**Given data**
----------
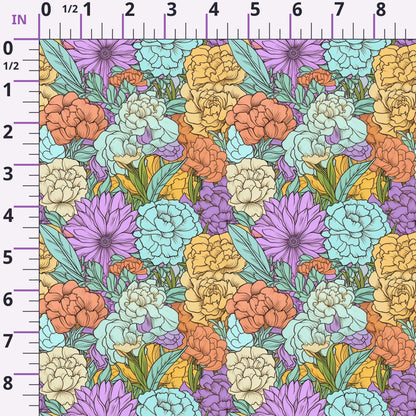 Tangerine Teal Reverie Pattern 2 Minky Fabric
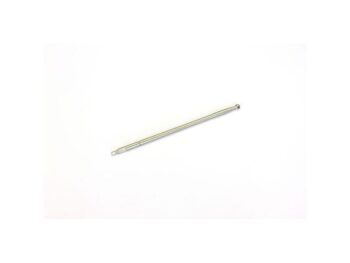 The photo shows an elongated, silver-coloured metal rod with small details at both ends. It appears to be a part for a model vehicle.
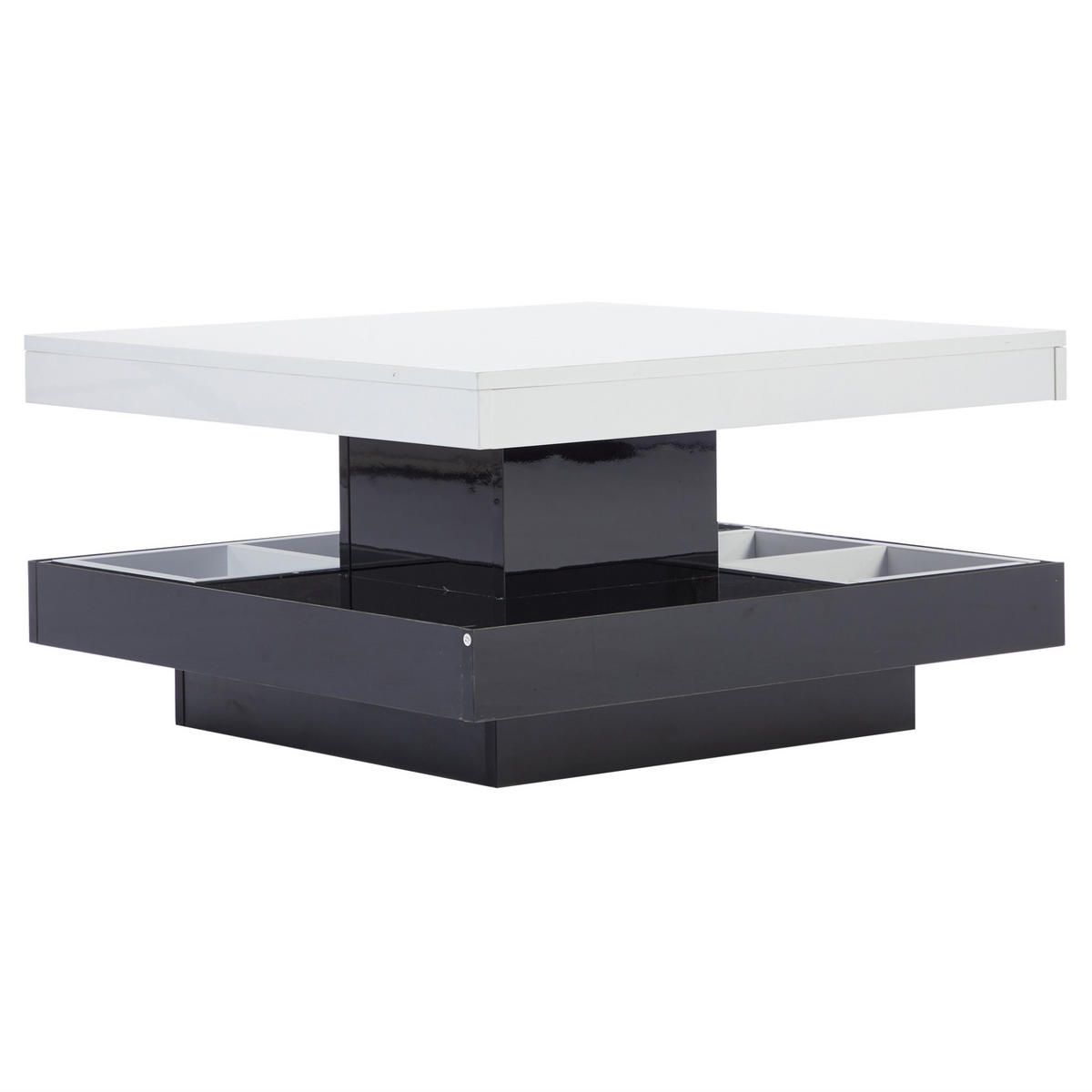 COUCHTISCH drehbar 70x70 cm Hochglanz Weiß Schwarz - Schwarz, Holzwerkstoff (70/70/36cm) - Meubliv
----------
**What the task asks**
The listing should be transcribed in full, exactly, and without its pictures.

**Result for this task**
 Tangerine Teal Reverie Pattern 2 Minky Fabric
 The photo shows an elongated, silver-coloured metal rod with small details at both ends. It appears to be a part for a model vehicle.
 COUCHTISCH drehbar 70x70 cm Hochglanz Weiß Schwarz - Schwarz, Holzwerkstoff (70/70/36cm) - Meubliv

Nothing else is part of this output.